GIVEN MATERIAL:
_ _ _ _ _ _ _

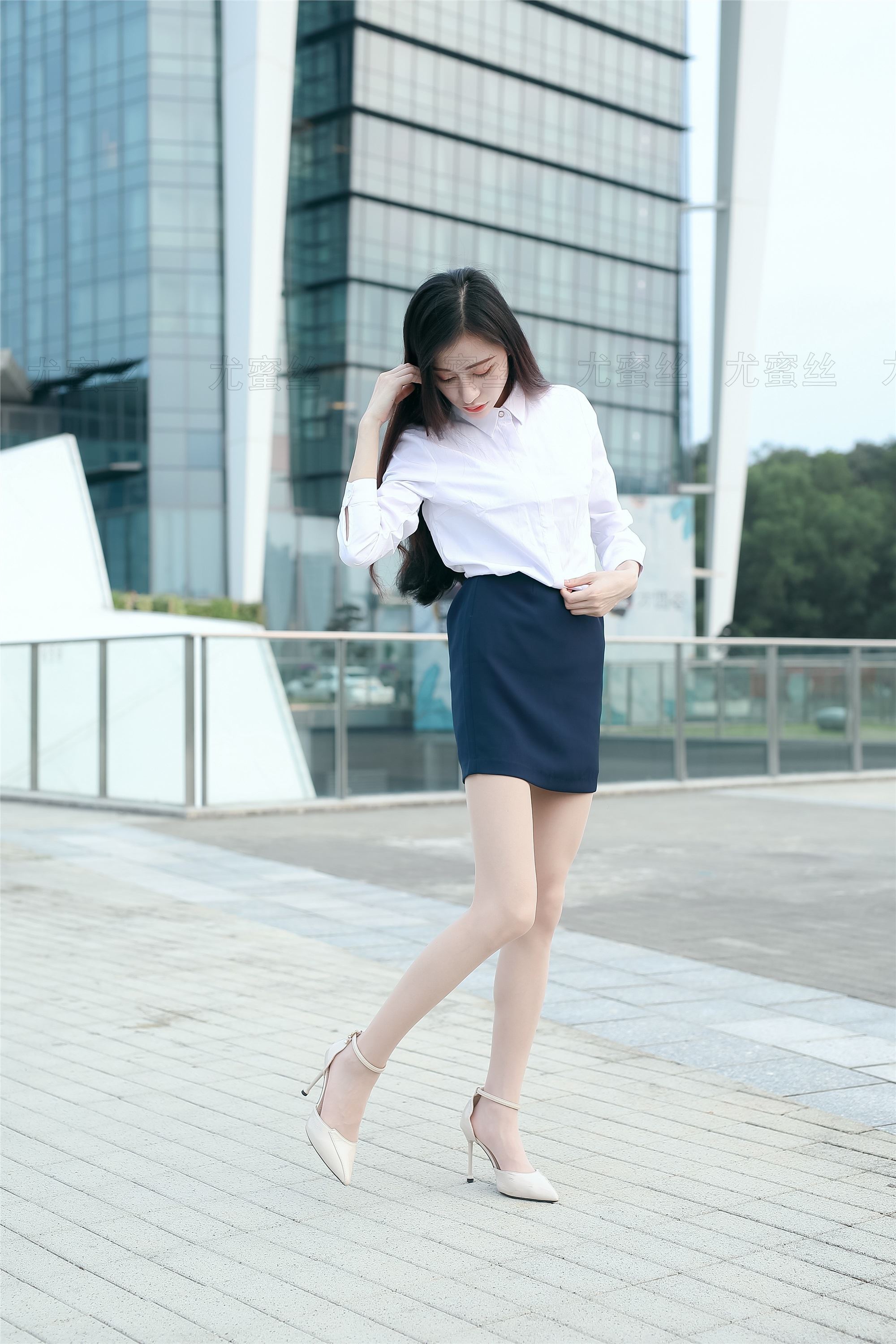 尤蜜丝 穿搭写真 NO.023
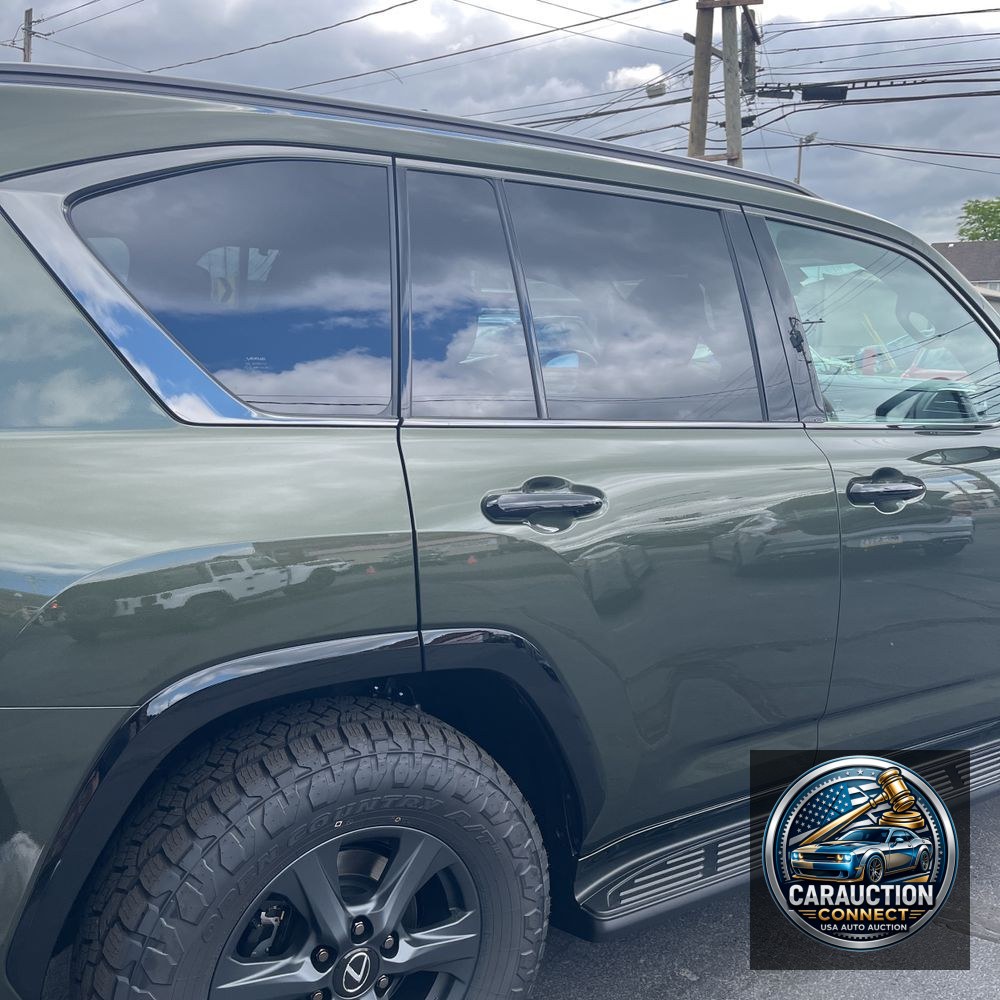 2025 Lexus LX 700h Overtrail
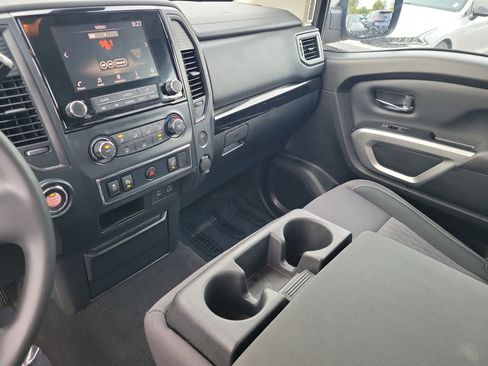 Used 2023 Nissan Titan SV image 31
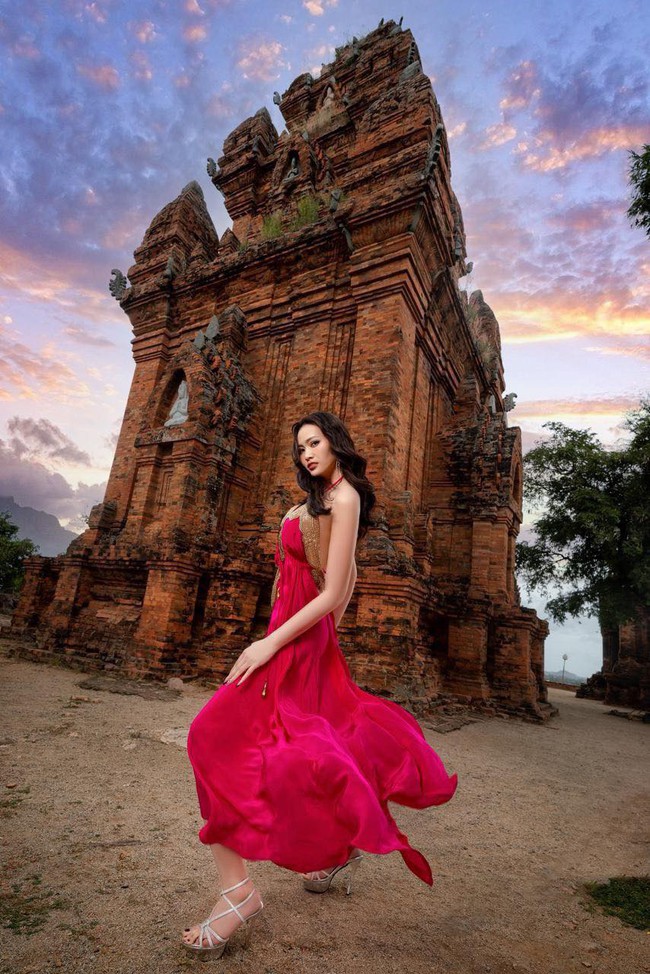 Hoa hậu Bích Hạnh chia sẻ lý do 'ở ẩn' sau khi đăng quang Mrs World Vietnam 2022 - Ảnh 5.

_ _ _ _ _ _ _

YOUR GOAL: Omitting all pictures, retype exactly the lines from the line containing "Used 2023 Nissan Titan SV image 31" down to the last line above, both ends included.

RESPONSE AREA:
 Used 2023 Nissan Titan SV image 31
 Hoa hậu Bích Hạnh chia sẻ lý do 'ở ẩn' sau khi đăng quang Mrs World Vietnam 2022 - Ảnh 5.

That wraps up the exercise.